» WORK TO COMPLETE
With the pictures removed, write out the full listing below exactly.

(DATA SECTION begins)

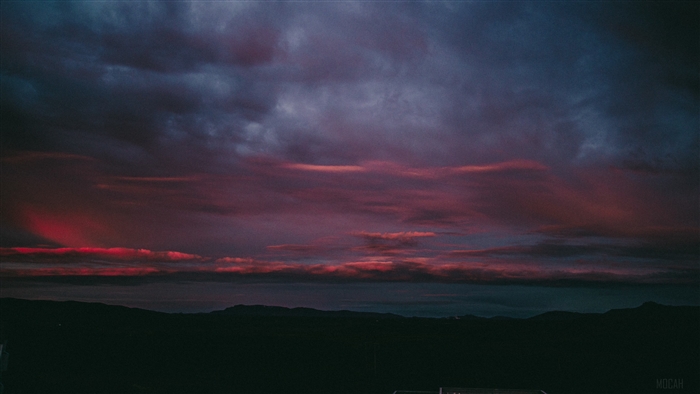 Dramatic sunset sky over dark hills 4K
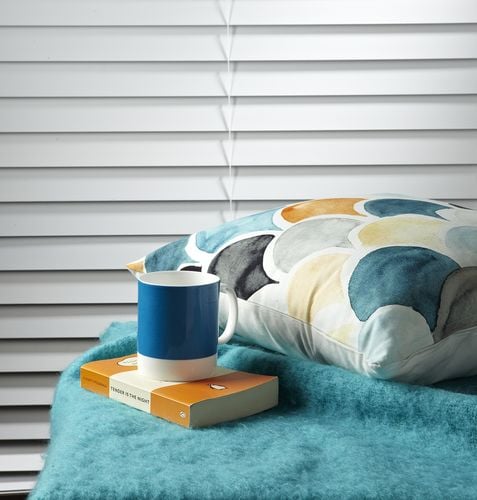 Close up of mug, book and cushion in front of a window with white venetian blinds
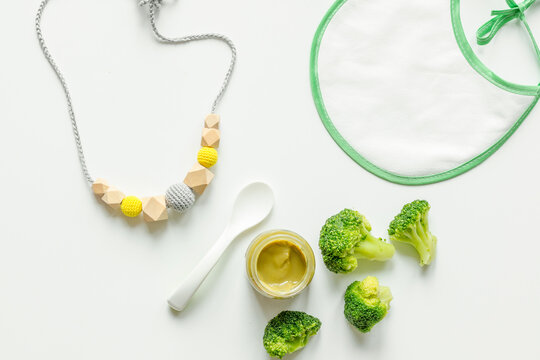 cooking vegetable puree for baby on white background top view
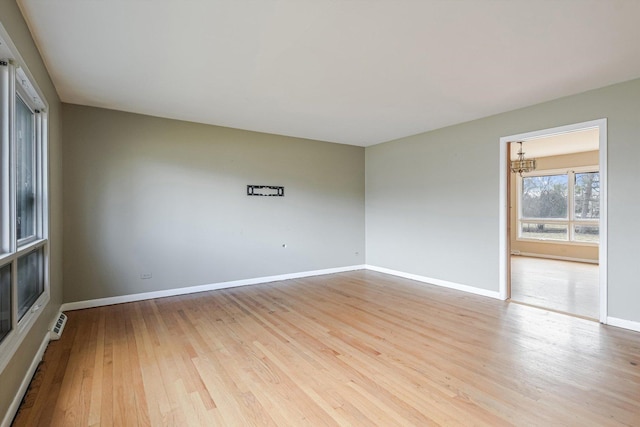 spare room with light wood-type flooring, visible vents, baseboards, and a chandelier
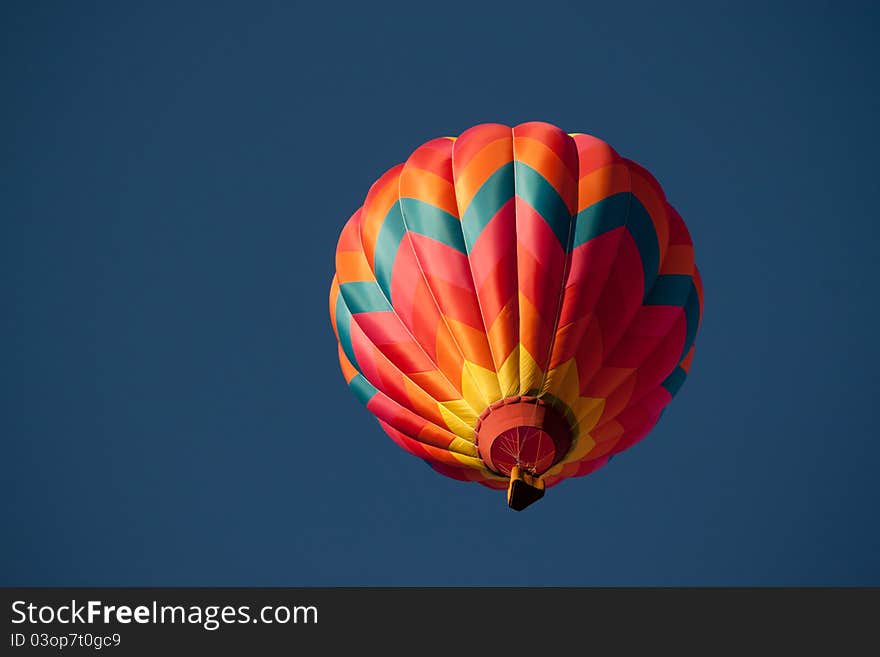 A colorful hot air balloon passes overhead. A colorful hot air balloon passes overhead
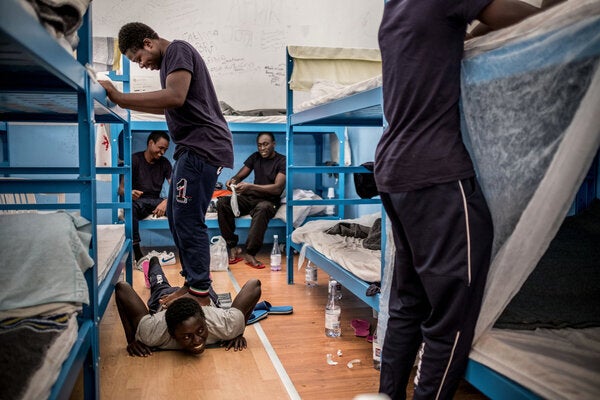 Abdullah, un jeune Gambien âgé de 15 ans (debout), aide son ami Alieu, âgé de 17 ans (au centre, étendu sur le plancher), à soulager ses douleurs au dos, dans un centre de réception pour les demandeurs d'asile qui sert également de centre d'hébergement pour les mineurs non-accompagnés, dans le port de Pozzallo, Sicile, en Italie (Mai 2016).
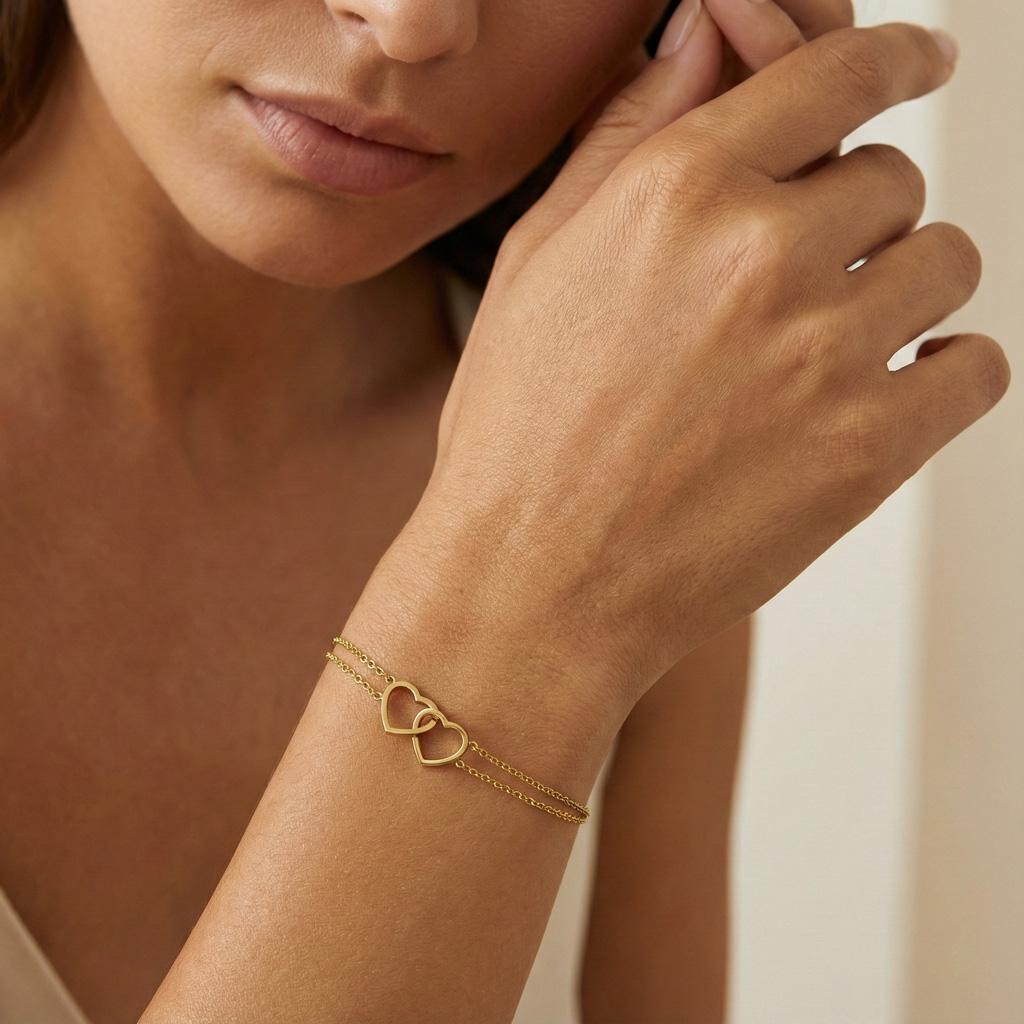 Bracelet Juliette. Confectionné en acier inoxydable doré bijou délicat orné de deux cœurs entrelacés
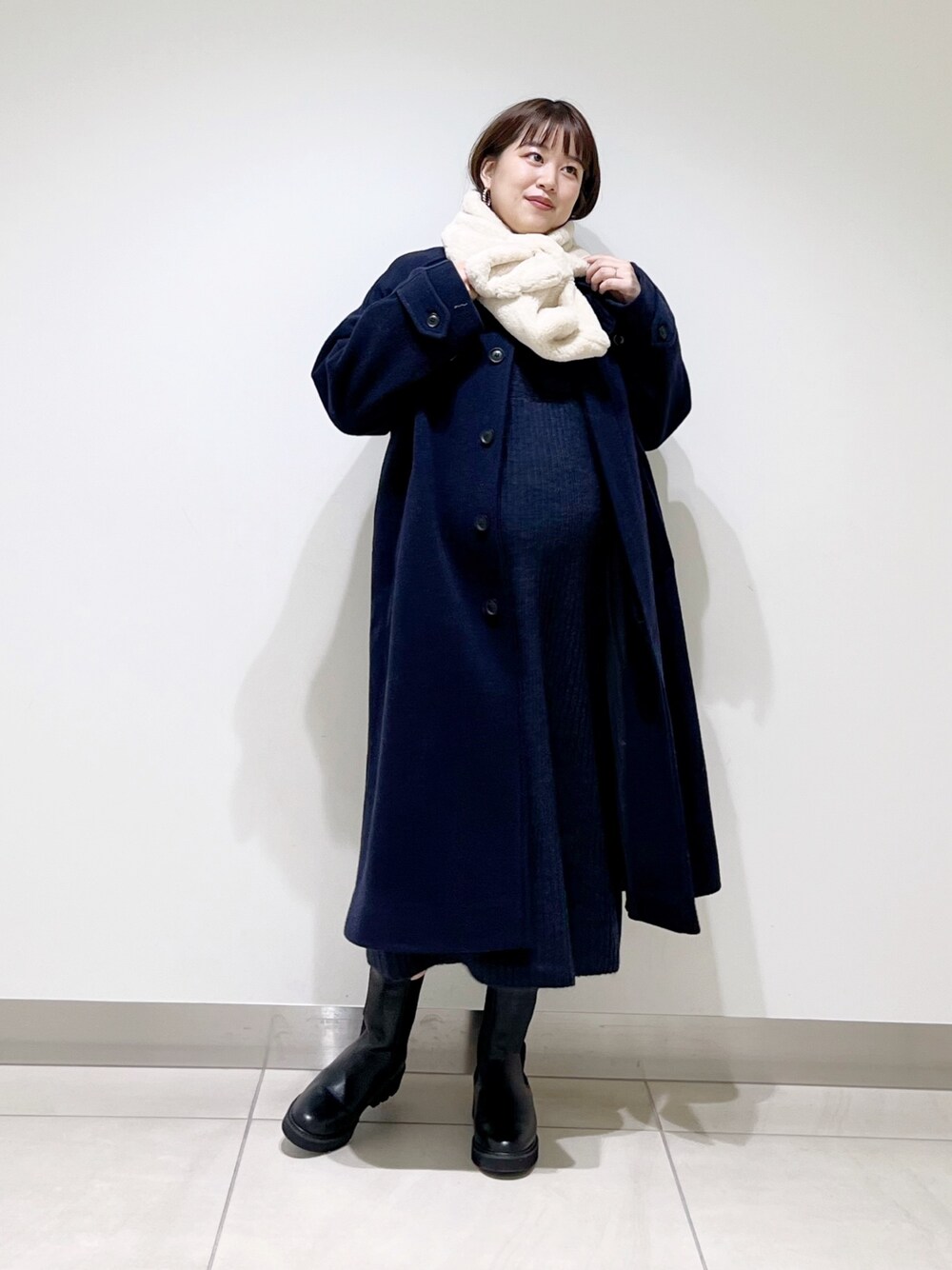 ブルー系のステンカラーコート、ブルー系のワンピース、ブラック系のブーツを着用したレディースの冬コーディネートの1枚目の写真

(DATA SECTION ends)

» TASK RESULT
 Dramatic sunset sky over dark hills 4K
 Close up of mug, book and cushion in front of a window with white venetian blinds
 cooking vegetable puree for baby on white background top view
 spare room with light wood-type flooring, visible vents, baseboards, and a chandelier
 A colorful hot air balloon passes overhead. A colorful hot air balloon passes overhead
 Abdullah, un jeune Gambien âgé de 15 ans (debout), aide son ami Alieu, âgé de 17 ans (au centre, étendu sur le plancher), à soulager ses douleurs au dos, dans un centre de réception pour les demandeurs d'asile qui sert également de centre d'hébergement pour les mineurs non-accompagnés, dans le port de Pozzallo, Sicile, en Italie (Mai 2016).
 Bracelet Juliette. Confectionné en acier inoxydable doré bijou délicat orné de deux cœurs entrelacés
 ブルー系のステンカラーコート、ブルー系のワンピース、ブラック系のブーツを着用したレディースの冬コーディネートの1枚目の写真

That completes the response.